Hacker News new | ask | show | jobs
by munk-a 2080 days ago
I'm a big fan of Postgres too for a number of reasons, but this issue is pretty clearly documented so I'd like to counter with an issue I hit in Postgres recently that is terribly documented. UNNEST works a bit funky, and in particular it works super funky if you have multiple calls in the same select statement (or any set expanded function calls it turns out). There's a bit of a dive into here[1] (though that is out of date - PG10 no longer follows the different array sized result, it uses null filling) which I managed to find after struggling with an issue where an experimental query was resulting in nulls in the output while unnesting arrays without nulls.

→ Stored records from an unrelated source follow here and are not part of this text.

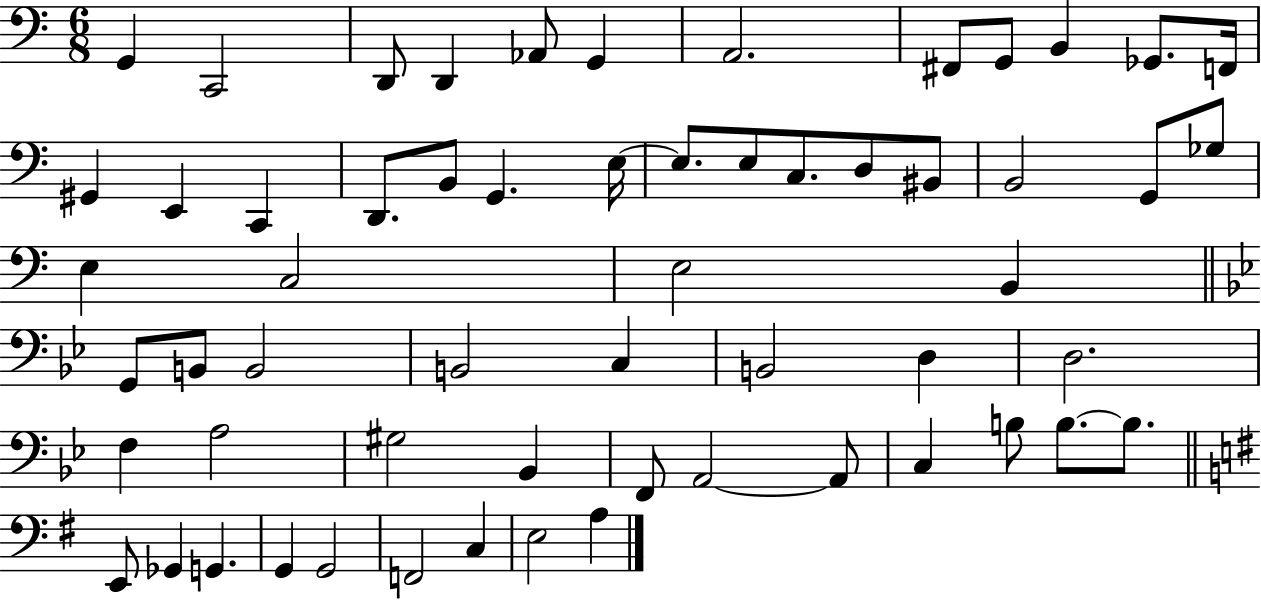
{
  \clef bass
  \numericTimeSignature
  \time 6/8
  \key c \major
  g,4 c,2 | d,8 d,4 aes,8 g,4 | a,2. | fis,8 g,8 b,4 ges,8. f,16 | \break gis,4 e,4 c,4 | d,8. b,8 g,4. e16~~ | e8. e8 c8. d8 bis,8 | b,2 g,8 ges8 | \break e4 c2 | e2 b,4 | \bar "||" \break \key g \minor g,8 b,8 b,2 | b,2 c4 | b,2 d4 | d2. | \break f4 a2 | gis2 bes,4 | f,8 a,2~~ a,8 | c4 b8 b8.~~ b8. | \break \bar "||" \break \key e \minor e,8 ges,4 g,4. | g,4 g,2 | f,2 c4 | e2 a4 | \break \bar "|."
}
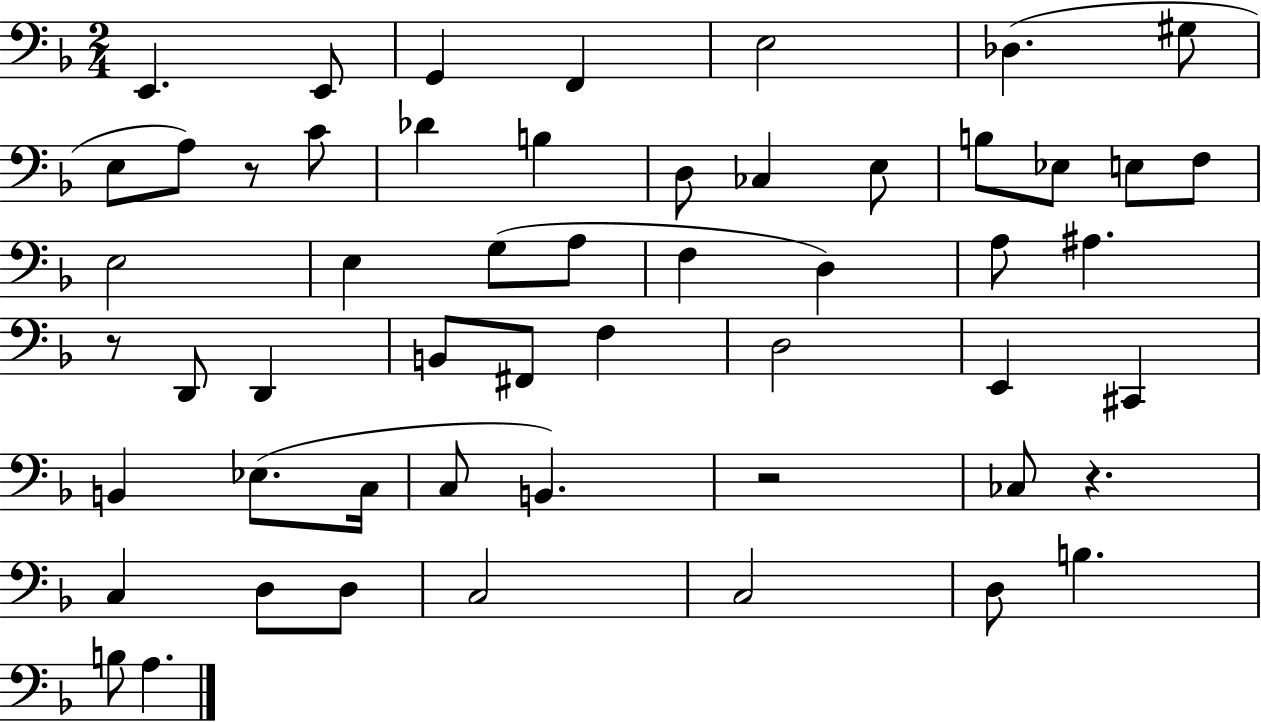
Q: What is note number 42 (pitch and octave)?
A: C3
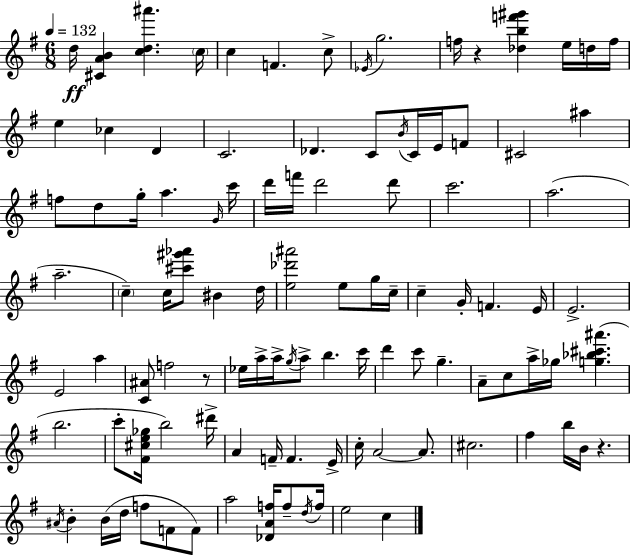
D5/s [C#4,A4,B4]/q [C5,D5,A#6]/q. C5/s C5/q F4/q. C5/e Eb4/s G5/h. F5/s R/q [Db5,B5,F6,G#6]/q E5/s D5/s F5/s E5/q CES5/q D4/q C4/h. Db4/q. C4/e B4/s C4/s E4/s F4/e C#4/h A#5/q F5/e D5/e G5/s A5/q. G4/s C6/s D6/s F6/s D6/h D6/e C6/h. A5/h. A5/h. C5/q C5/s [C#6,G#6,Ab6]/e BIS4/q D5/s [E5,Db6,A#6]/h E5/e G5/s C5/s C5/q G4/s F4/q. E4/s E4/h. E4/h A5/q [C4,A#4]/e F5/h R/e Eb5/s A5/s A5/s G5/s A5/e B5/q. C6/s D6/q C6/e G5/q. A4/e C5/e A5/s Gb5/s [G5,Bb5,C#6,A#6]/q. B5/h. C6/e [F#4,C#5,E5,Gb5]/s B5/h D#6/s A4/q F4/s F4/q. E4/s C5/s A4/h A4/e. C#5/h. F#5/q B5/s B4/s R/q. A#4/s B4/q B4/s D5/s F5/e F4/e F4/e A5/h [Db4,A4,F5]/s F5/e D5/s F5/s E5/h C5/q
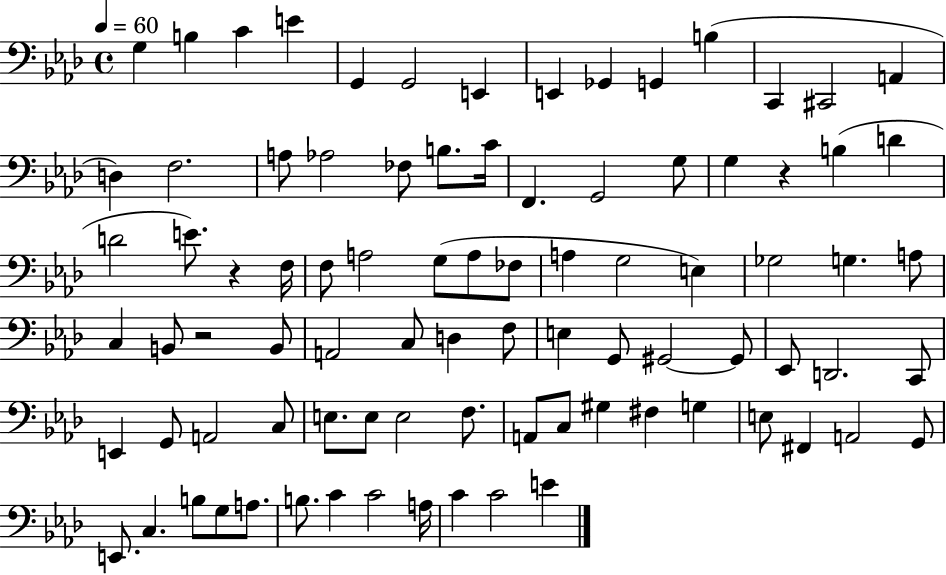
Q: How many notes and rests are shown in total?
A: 87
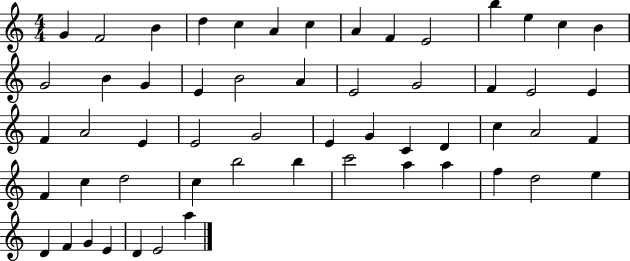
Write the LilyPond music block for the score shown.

{
  \clef treble
  \numericTimeSignature
  \time 4/4
  \key c \major
  g'4 f'2 b'4 | d''4 c''4 a'4 c''4 | a'4 f'4 e'2 | b''4 e''4 c''4 b'4 | \break g'2 b'4 g'4 | e'4 b'2 a'4 | e'2 g'2 | f'4 e'2 e'4 | \break f'4 a'2 e'4 | e'2 g'2 | e'4 g'4 c'4 d'4 | c''4 a'2 f'4 | \break f'4 c''4 d''2 | c''4 b''2 b''4 | c'''2 a''4 a''4 | f''4 d''2 e''4 | \break d'4 f'4 g'4 e'4 | d'4 e'2 a''4 | \bar "|."
}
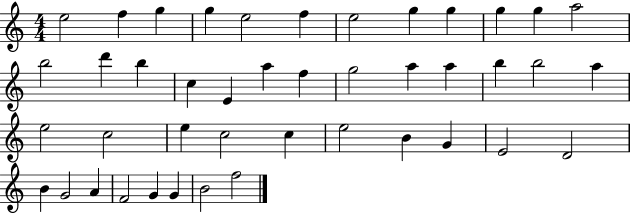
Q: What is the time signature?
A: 4/4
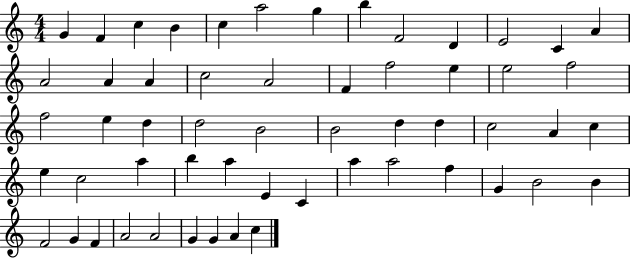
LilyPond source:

{
  \clef treble
  \numericTimeSignature
  \time 4/4
  \key c \major
  g'4 f'4 c''4 b'4 | c''4 a''2 g''4 | b''4 f'2 d'4 | e'2 c'4 a'4 | \break a'2 a'4 a'4 | c''2 a'2 | f'4 f''2 e''4 | e''2 f''2 | \break f''2 e''4 d''4 | d''2 b'2 | b'2 d''4 d''4 | c''2 a'4 c''4 | \break e''4 c''2 a''4 | b''4 a''4 e'4 c'4 | a''4 a''2 f''4 | g'4 b'2 b'4 | \break f'2 g'4 f'4 | a'2 a'2 | g'4 g'4 a'4 c''4 | \bar "|."
}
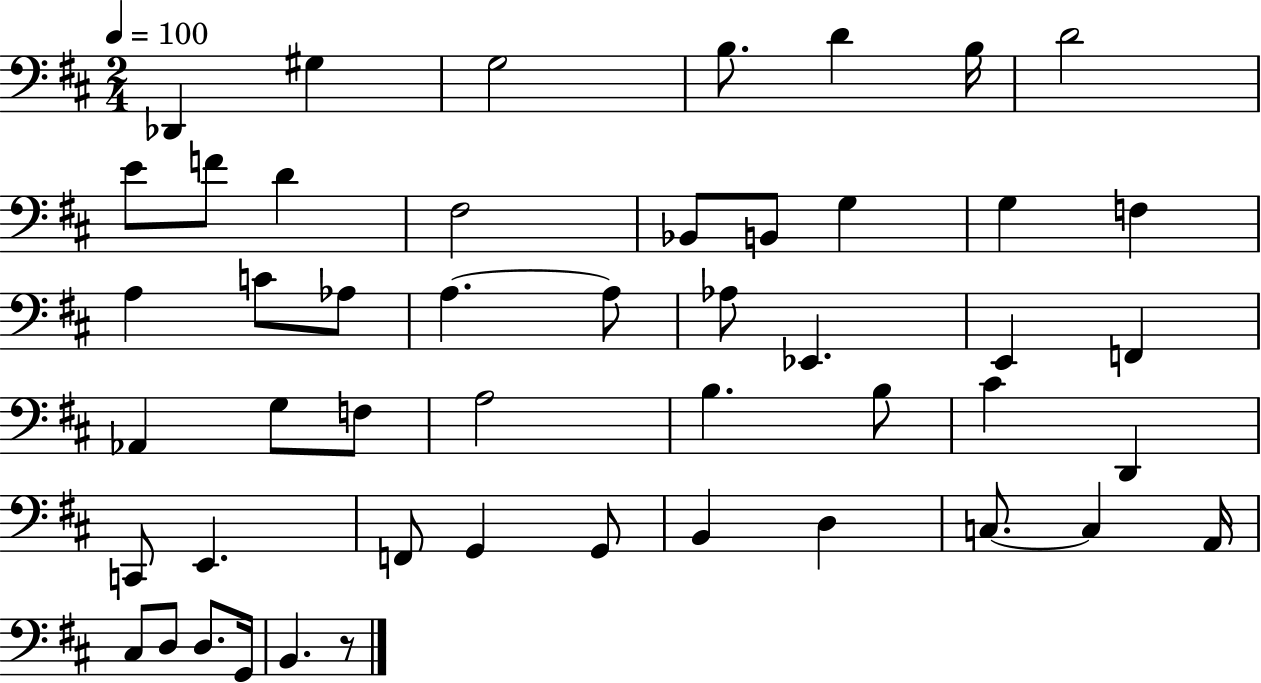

All DBs have their warts and while MySQL has an over abundance of warts they tend to be quite well documented. The warts that postgres has tend to be quite buried and their documentation is very good for syntax comprehension but rather light when it comes to deeper learning.

1. https://stackoverflow.com/questions/50364475/how-to-force-po...

3 comments

I am also a big fan of Postgres, and tend to have a bit of fun picking on MySQL having been scarred by it in a past life. But since we're picking at Postgres warts...

One which bit me recently, and is still utterly baffling to me, is that a column defined as an array type will accept values of that array's type in any number of dimensions greater than that specified for the column. In other words, `{{{{{{text}}}}}}` can be inserted into columns of the following types:

- `TEXT[]`

- `TEXT[][]`

- `TEXT[][][]`

- `TEXT[][][][]`

- `TEXT[][][][][]`

- `TEXT[][][][][][]`

The inverse is true as well! A column specified `TEXT[][]` (and so on) will accept `{text}`. Of course, none of this (as far as I've been able to find) is documented.

But wait, there's more!

`UNNEST` does not allow you to specify depth, it always unnests to the deepest dimension. This, too, is undocumented. In fact, it's anti-documented. The documents provide an example function to unnest a two-dimensional array that is wholly unnecessary (and likely performs worse than the built-in `UNNEST`, but I'm just guessing). Said documentation would seem to imply that the depth of `UNNEST` is 1, but of course that's not the case.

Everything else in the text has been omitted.